British journalist and broadcaster

Zubeida Malik is a journalist, broadcaster, and radio presenter who worked for the BBC for over 20 years, including 18 years on the BBC's Flagship News programme Radio Four Today. Malik has also presented BBC's Radio 4 Pick of the Week and One to One and made many documentaries for Radio 4 and the BBC World Service.

On the Today programme, she reported from Pakistan, Afghanistan, Nigeria, Saudi Arabia, Northern Ireland, Israel, and Gaza.  Her reportage included foreign reporting and stories in the UK.  She covered the murder of Damilola Taylor extensively and reported on several high-profile terrorism trials. Malik has been reporting on Osama bin Laden and Al-Qaeda since the 1990s and was one of the first journalists to look into extremist groups holding secret military training camps and encouraging young men to become jihadis.

Malik has interviewed key figures for the BBC, including Kofi Annan, President Musharraf, Tony Blair, Prince Saud Al Faisal, Desmond Tutu, the spiritual leader of Hamas, Sheikh Yassin, and a rare interview with Akbar Etemad.

==Career==
Malik's work for the Today programme has included interviews, war zone reportage, domestic social analysis and investigative work. She was one of the first reporters to get into Pakistan after September 11, where she interviewed Mullah Zaeef of the Taliban and reported on the war from Afghanistan for the BBC. Malik has reported on the riots in Genoa, terrorist attacks in Saudi Arabia and was the first female reporter for the BBC to report from the Hajj in Saudi Arabia.

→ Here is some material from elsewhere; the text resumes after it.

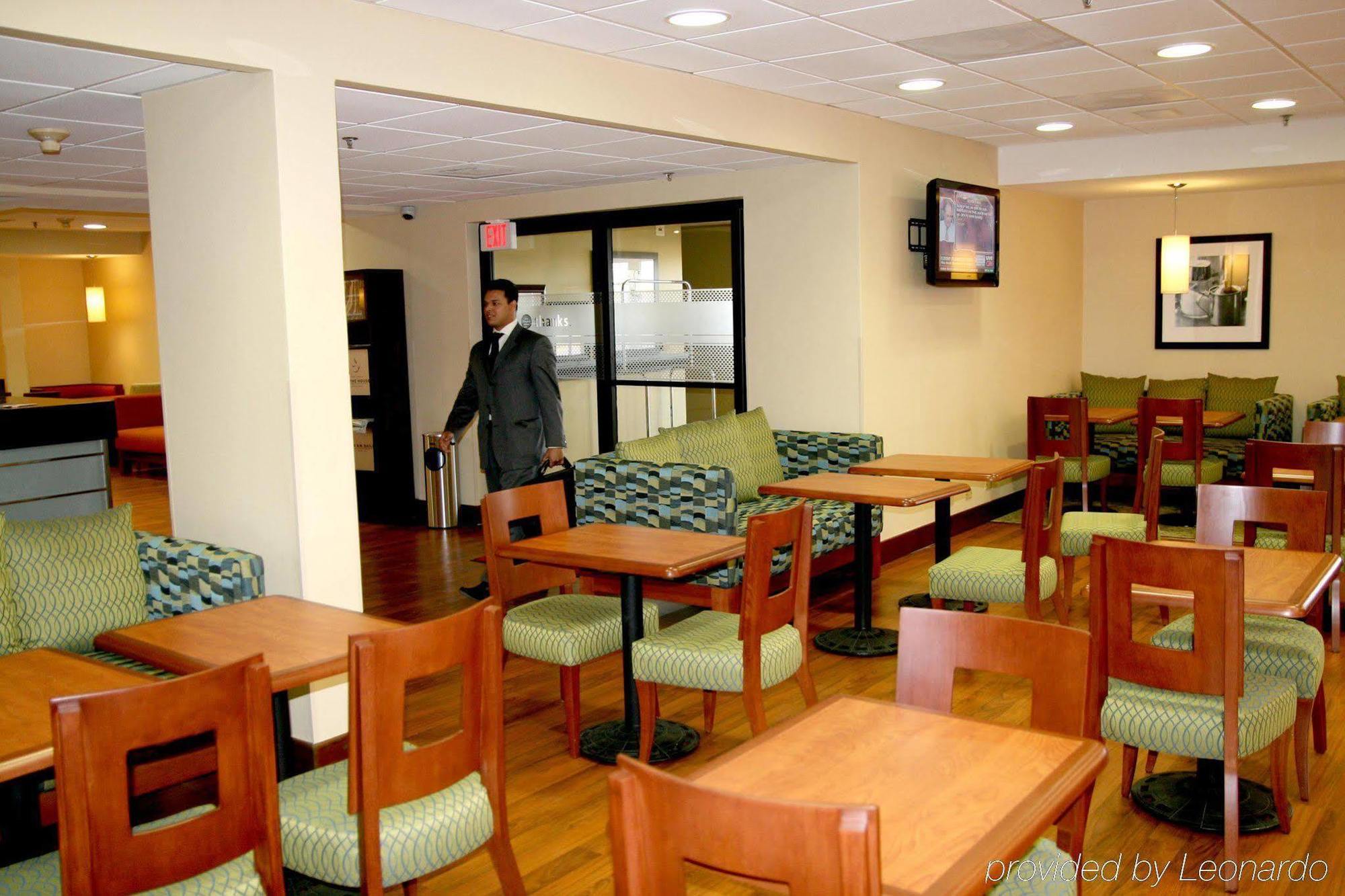 Hampton Inn Monterrey-Airport Apodaca Restaurant photo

As a reporter on Newsnight, she did one of the few interviews with the parents of Shafilea Ahmed, who were found guilty and jailed for her murder. She led an investigation into female genital mutilation, which at the time was a subject rarely discussed. Malik has also written several opinion pieces for The i Paper and also has written for The Times Red Box.

==Awards==
- Carlton TV Multicultural Achievement Award for Television and Radio.
- 2002 EMMA Best Radio News Journalist.
- 2002 Media Personality of the Year at the Asian Women of Achievement Awards.
- 1997 BT Press Award for Radio News Broadcaster of the year.
- 2001 EMMA Best Radio Journalist.
- 2000 Foreign Press Association Young Journalist of the Year.
- 2004 She was voted as one of the Good Housekeeping role Models.